(Introduction au VIIIe congrès international de l’Association Indienne des Professeurs de français, Shimla, du 29 au 31 mars 2017)
À l’heure des technologies de l’information et de la communication, et des relations virtuelles accessibles et incessantes sur toute la surface de la planète, quel intérêt y a-t-il encore à organiser des congrès, des conférences, des colloques, et à y faire venir de nombreux participants en personne, parfois de loin ? C’est une réflexion qu’on peut souvent entendre de la part de gens qui n’ont pas une grande expérience de la dynamique des réunions professionnelles, de la vie associative, des débats d’idées, des échanges de bonnes pratiques, ainsi que des conditions du développement scientifique et intellectuel. En fait, nous n’avons pas moins de raison aujourd’hui de voyager qu’Erasme qui parcourait l’Europe à cheval il y a cinq siècles, si ce n’est l’impact environnemental de nos modes de déplacements modernes. Il est clair que nous profitons tous de la facilité et de la rapidité des contacts via internet, que ce soit par expédition de mails, par diffusion et élaboration commune de documents, par vidéoconférences, par forums de discussions, par réseautage des interlocuteurs, etc. Beaucoup de travail peut ainsi être effectué à distance, chacun chez soi, à son rythme, entouré de ses ressources, de son équipement, de son équipe. Mais rien ne peut remplacer ces rencontres physiques régulières, « en présentiel » comme on est obligé de préciser désormais, entre des collègues, des partenaires ou tout autre public qui vont pouvoir profiter des interactions interpersonnelles essentielles à leur travail comme à leur vie professionnelle, mais qui franchissent difficilement l’écran de l’ordinateur. C’est effectivement en se côtoyant, en réagissant à chaud dans une assemblée, en bavardant librement entre deux réunions, en partageant un repas ou une soirée, qu’on a le plus de chance de se comprendre, de dialoguer, d’extrapoler, d’inventer, de créer du neuf ensemble, surtout entre participants qui viennent d’autres horizons géographiques, scientifiques, culturels.
C’est évidemment encore plus vrai dans notre domaine où la communication et les relations jouent un rôle aussi important, et où il faut les envisager autant comme des expériences vécues ou à vivre que comme des objets d’études et d’enseignement.

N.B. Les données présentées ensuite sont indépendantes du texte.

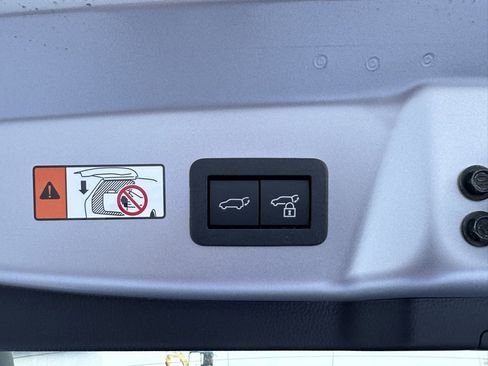 New 2026 Toyota Prius Plug-In Hybrid image 15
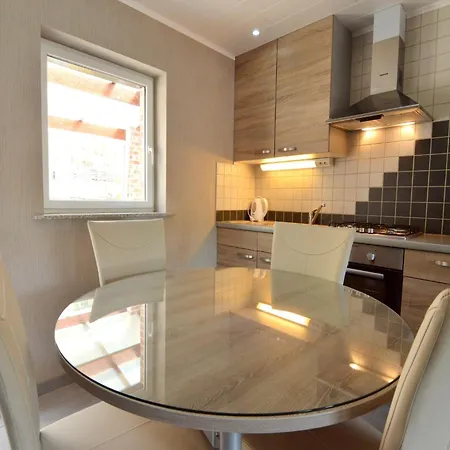 Attractive Apartment In Zell Near River Extérieur photo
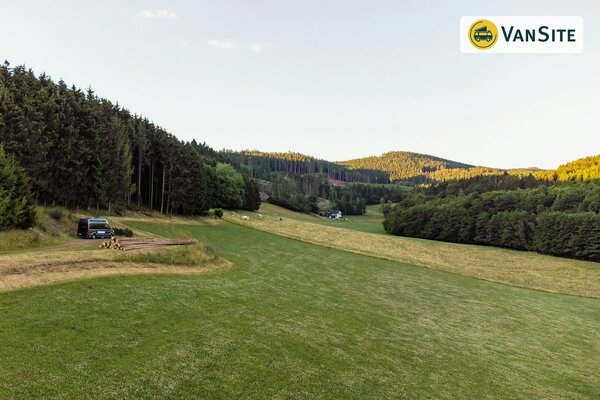 Weitsicht am Waldrand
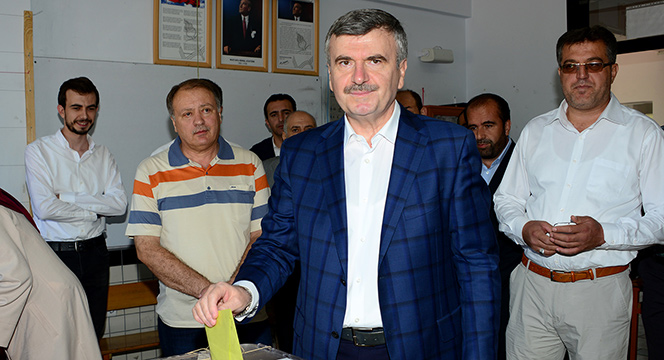 Başkan Akyürek Cumhurbaşkanlığı Seçimi İçin Oyunu Kullandı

Même si nous devons reconnaître que les didacticiels et l’enseignement à distance ont un grand intérêt pédagogique et logistique pour certains aspects de l’enseignement-apprentissage des langues et des cultures, nous devons rappeler que cet enseignement-apprentissage aussi complexe que subtil ne peut se limiter aux activités et aux compétences favorisées mais aussi canalisées et formatées par l’informatique et les TICE. Nous ne communiquons pas qu’à l’aide d’un code linguistique, mais grâce à une multitude et à une variété de signes et d’indices qui sollicitent autant notre intuition, nos représentations, nos émotions, notre empathie que notre raisonnement logique. Les sciences de la communication ont décrit quelques-uns de ces moyens de communication, comme la gestuelle, les mimiques, la gestion de l’espace, du temps, que d’aucuns ont désignés du nom de « langage silencieux » ou de « dimension cachée » et que l’on ne peut comprendre que par l’expérience vécue, et que l’on ne peut exercer que par la pratique d’interactions réelles en situations authentiques, de personne à personne, face à face, de vive voix !
Le monde et le langage du chercheur et de l’enseignant ne sont pas des mondes ni des langages à part : ils appartiennent au monde et au langage de tous, dans leur complexité et leur incertitude, si ce n’est que nous avons pour responsabilité d’interroger, d’analyser, d’expliquer, de représenter ce monde et ce langage. Mais surtout, alors qu’on pourrait le croire aussi austère et rigoureux que les machines qu’il manipule et que les théories qu’il échafaude, le scientifique a autant besoin que quiconque de contacts, de relations, de chaleur humaine pour travailler, pour penser, pour vivre, pour apporter sa contribution au bien-être commun et, espérons-le, à un meilleur avenir. Un congrès est d’abord un moment de convivialité confraternelle, culturelle, intellectuelle, et à ce titre, il n’a pas besoin d’autres justifications. Les congrès deviendront inutiles le jour où la science et l’enseignement seront confiés exclusivement à des robots, mais nous aurons alors tout le temps de le regretter !
Entre-temps, je remercie et je félicite les organisateurs de ce congrès et leurs partenaires pour leur magnifique projet, et je salue tous les participants pour leur présence et leur contribution à la réussite de ces journées de rencontre, de dialogue, de partage, menées en faveur de l’enrichissement mutuel que permet le contact des langues et des cultures, en particulier dans l’espace francophone et au moyen de la langue française qui se prêtent si bien aux échanges libres, nuancés, métissés.